Tabouret de Côte d'Ivoire, groupe akanisé
Les sièges, chez les baoulé, comme dans toute société, sont les objets domestiques les plus immédiatement visibles, les plus facilement reproductibles, à l'issue d'un voyage, d'un séjour. Et parce qu'ils ne sont dotés d'aucune valeur sacrée, et qu'ils sont encore d'utilisation courante, ils traduisent mieux que les masques, et mieux que les portes sculptées, les multiples échanges et réseaux d'influences. On trouve, à l'intérieur d'une même bourgade, une large diversité de formes et la coexistence d'influences divergentes. La tradition orale baoulé, appuyée sur plusieurs mythes de migration, notamment celui de la reine pokou sacrifiant son enfant, insiste sur cette provenance d'origine Akan, et que les villageois, aujourd'hui encore, valorisent cette origine.
Toutefois, rares étaient ceux qui étaient décorés, contrairement au siège Akan du Ghana qui se caractérisent par plusieurs choix plastiques.
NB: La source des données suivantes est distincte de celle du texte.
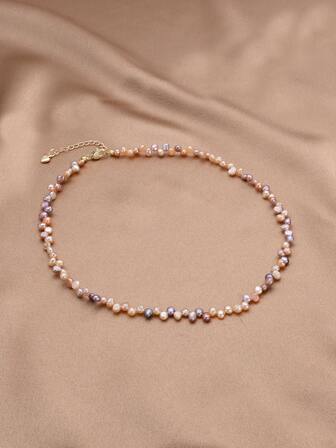 1 件 18K 镀金天然珍珠项链，适合母亲节、情人节、生日、婚礼、订婚、新娘的礼物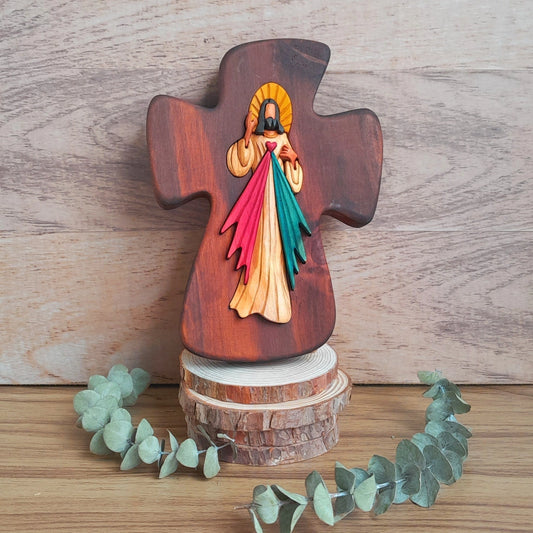 Divine Mercy Wooden Wall Crucifix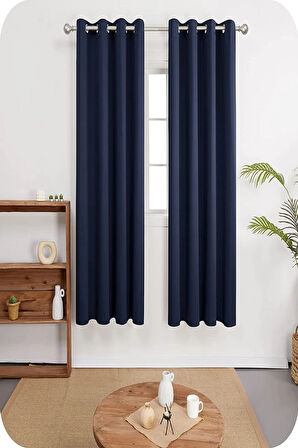 Lacivert Rustik Perde Kuşgözü Halkalı Boru Halka Dekoring Perde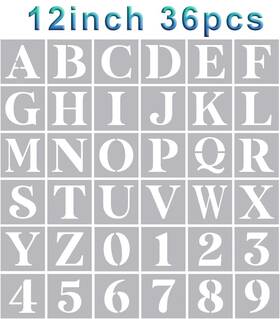 B0br9ydkhf Yamcyh 12 Inch Letter And Number Stencils For Painting On Wood Walls Crafts - Alphabet Set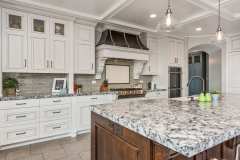 Unionlands Cabinetry Traditional Style Solid Wood Painted Open Kitchen Cabinet With Stain Island Cabinet Quartz Countertop
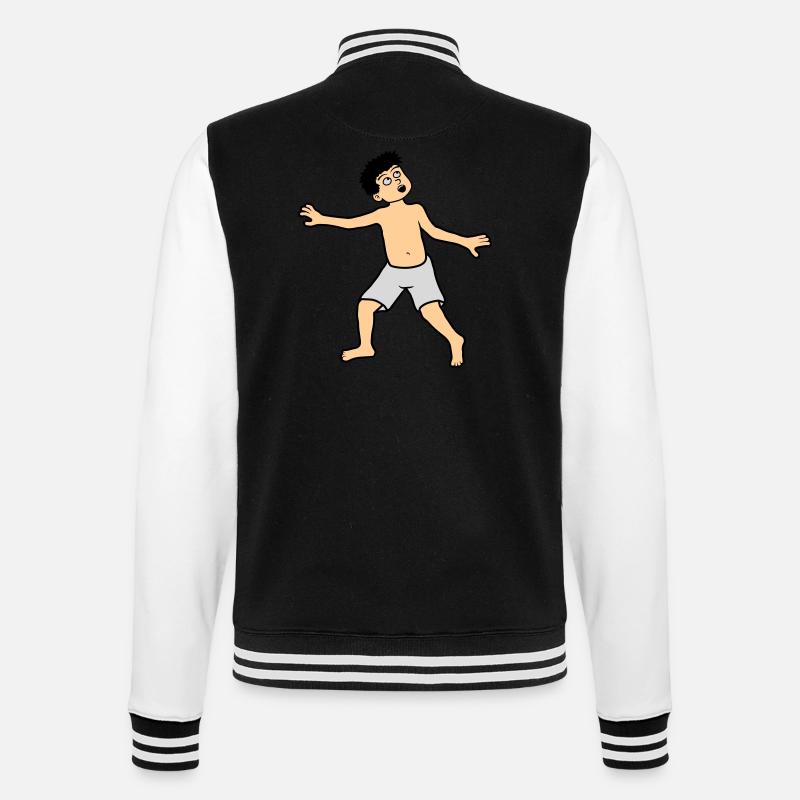 Junge hat angst - College-Sweatjacke - Schwarz/Weiß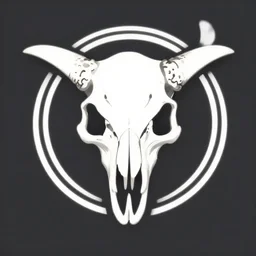 mythosaur skull emblem, stylized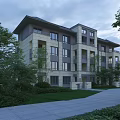 Modern Mid Rise Residential Building With Balconies Large Windows Greenery Trees And Lawn Pathway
Un socle épais, mais fortement ajouré, afin de l'alléger (le siège étant transporté plusieurs fois par jour de l'habitation à l'arbre à palabre). Ensuite une structure équilibrée qui impose une composition fermement écrite et l'évidence de l'immobilité stable. Mais aussi, surtout, une exigence d'ornementation assez exceptionnelle pour ce type de tabouret grâce à une exquise juxtaposition de losanges sculptés sur les quatre colonnes, ceci afin d'équilibrer l'ensemble et de relier l'effet de masse, architectural, à un sens de l'élévation.